There are those phrases, snatched out of the sphere somewhere, that spread. Take this one that is new to me, but old as the hills to others. “Spoiler Alert.” It was used last night in reference to a certain town hero at the movie house, whose pre-film speeches nearly always give away the ending. One must take to chewing loudly on snacks while she speaks.
I recognized this phrase first, though, under the stockings hung by the chimney with care. This Christmas just past, the tendency of some family members to explain a gift collided with us opening our gifts at the same time this year. In turn someone would not realize that the gift they were explaining had not yet been opened. The phrase would follow.
What is this “Spoiler Alert” and other phrases like it that seep into our subconscious and speak for us. There is a certain humor to those being discussed here that separates these from the generality of the cliché. These kinds of phrases nearly always generate a laugh, where “All’s well that ends well” may not.
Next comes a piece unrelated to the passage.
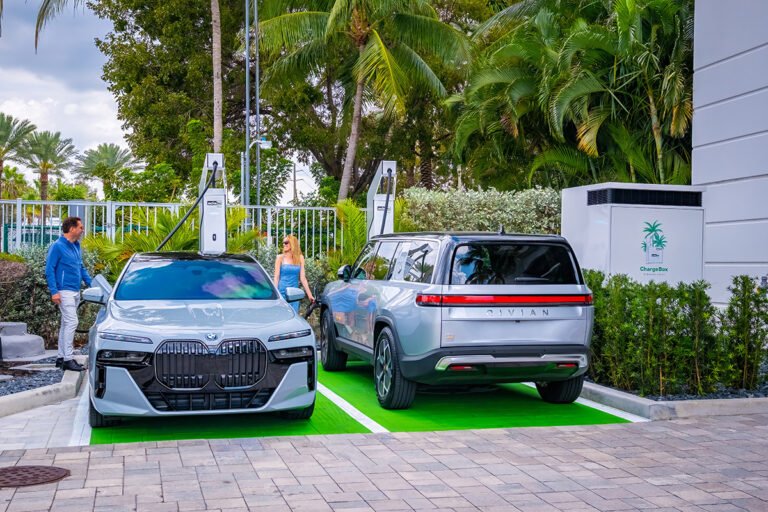 Véhicules électriques chargés |  ADS-TEC Energy déploie ses premiers chargeurs ChargeBox EV de 320 kW dans un complexe résidentiel multifamilial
I’m always surprised by them. They leap out at me like conspirators, plotting an ambush across familial, geographical and societal lines. Where do they come from? A few I recognize from campy comedies or television shows, but others baffle me. They are such simple combinations of words that they seem to invade our language without much notice, until suddenly. They’re everywhere. Standing in for eloquence, these jokes get straight to the point.
But, they were someone’s eloquence, someone’s originality. Once. The french origins of the word cliché refer to the typesetting blocks that compiled phrases commonly used by writers. Again and again. But there must have been a first time for each common combination of words. A first utterance. A first thought. Do these artists revel at how their words have spread like a platinum album, recognizable in every corner of the world their language dares to go? Or are they irredeemably vexed, having their very words taken from the air so that what was once theirs is now, everyones.
Who knows who’s next. What simplicity I may slip on, and unwittingly be repeated across continents. Language. Rips out of its cage and is untamable. The very words we speak travel on their own. Stick their thumb out, carrying a cardboard sign, and inevitably are picked up and brought along. Maybe these words are my own, spoken many years ago. Perhaps they return to me, shredded and run down, enhanced and new. Home at last.